Professor Tzu Bin Lin
National Taiwan Normal University, Taiwan

Biography

Professor Lin has extensive working experience in academia, especially in diverse cultural settings and high-level leadership positions. He works in the Department of Education and serves the role of Vice-President for Teacher Education at the National Taiwan Normal University. He was the Associate Vice-President for Academic Affairs, head of the Center for Teaching and Learning Development (CTLD), Deputy director of the Office of Bilingual Education (OBE) and the Ministry of Education Funded Resource Center for EMI, deputy head of the Department of Education and head of the Practicum Office in the College of Teacher Education at the National Taiwan Normal University (NTNU). Prior to his current position at NTNU, he worked at Bournemouth University UK and the National Institute of Education (NIE), Singapore. Currently, he is an assistant editor of Cogent Education and an editorial board member in several international journals such as Asia TEFL (SCOPUS), and Educational Research for Policy and Practice (SCOPUS), and the Journal of Educational Research and Development (TSSCI).

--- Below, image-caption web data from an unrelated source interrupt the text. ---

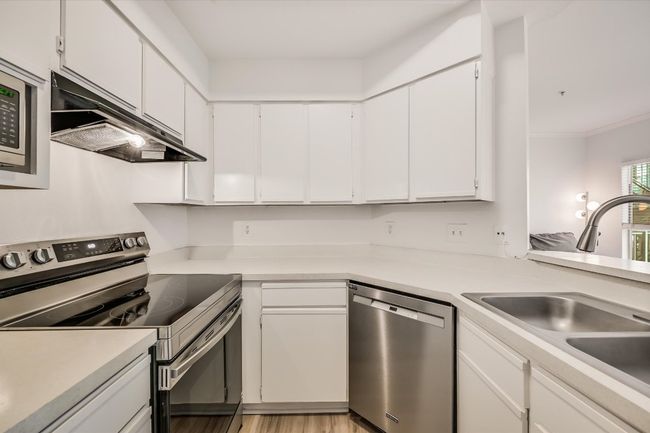Kitchen featuring appliances with stainless steel finishes, under cabinet range hood, white cabinetry, light countertops, and light wood-type flooring | Image 4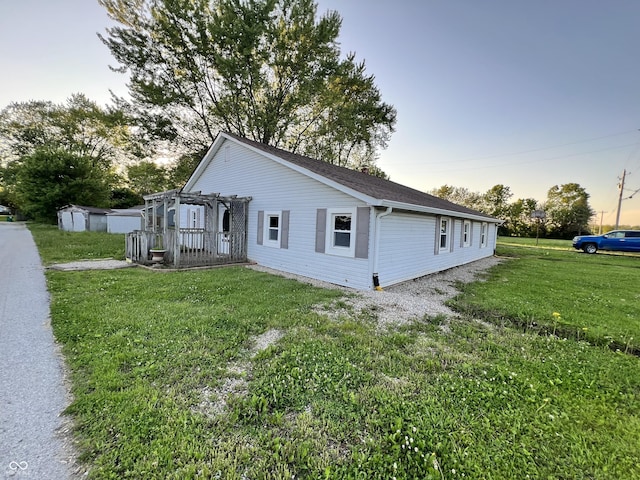 3074 N 625 E, Franklin, IN 46131 - view of home's exterior with a pergola, a yard, a shed, and a shingled roof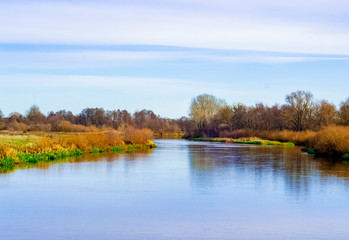 Fototapeta na wymiar landscape of a beautiful fast river with steep banks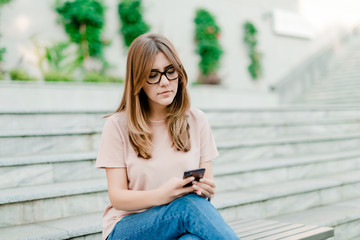 woman using phone outdoors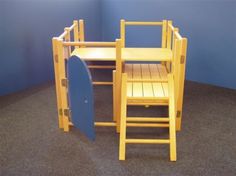 a child's desk and chair made out of wood with a surfboard on top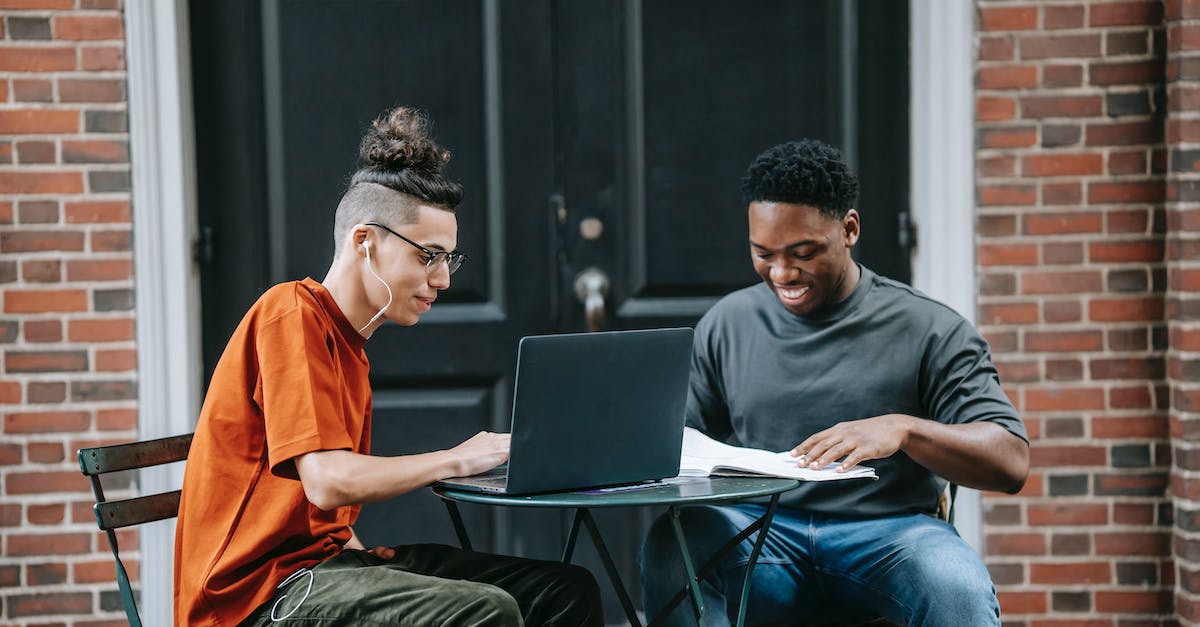 How to plan a good street layout - Positive young diverse male colleagues in casual clothes smiling and using laptop while working remotely on project sitting at table in street cafe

In the past decade, Prof. Lin published more than 80 papers and book chapters and conducted 30 research projects in the UK, Singapore and Taiwan.

Dr James W. McNally
University of Michigan, United States & NACDA Program on Aging

Biography

Dr James W. McNally is the Emeritus Research Scientist for the NACDA Program on Aging, located in the Institute for Social Research at the University of Michigan, United States. He was trained initially in forensic anthropology at the University of Maryland and then in formal demography at Georgetown University. As part of this PhD work, Dr McNally was awarded the first minor degree in social gerontology from the Population Studies and Training Center at Brown University, followed by a two-year postdoctoral appointment examining policy applications of health data at Syracuse University’s Center for Policy Research. After teaching at Brown University as an Assistant Research Professor, Dr McNally directed the NACDA Program on Aging from 1998 to 2025, building an internationally recognised collection of seminal studies on the aging lifecourse, health, retirement, and international aspects of ageing. In addition to lifecourse research, he has spent much of his career addressing mechanisms to maintain and strengthen family support networks, focusing on the needs of frail or cognitively impaired elders, presenting on these issues in the United States and internationally. Dr McNally serves on the International Academic Board of IAFOR.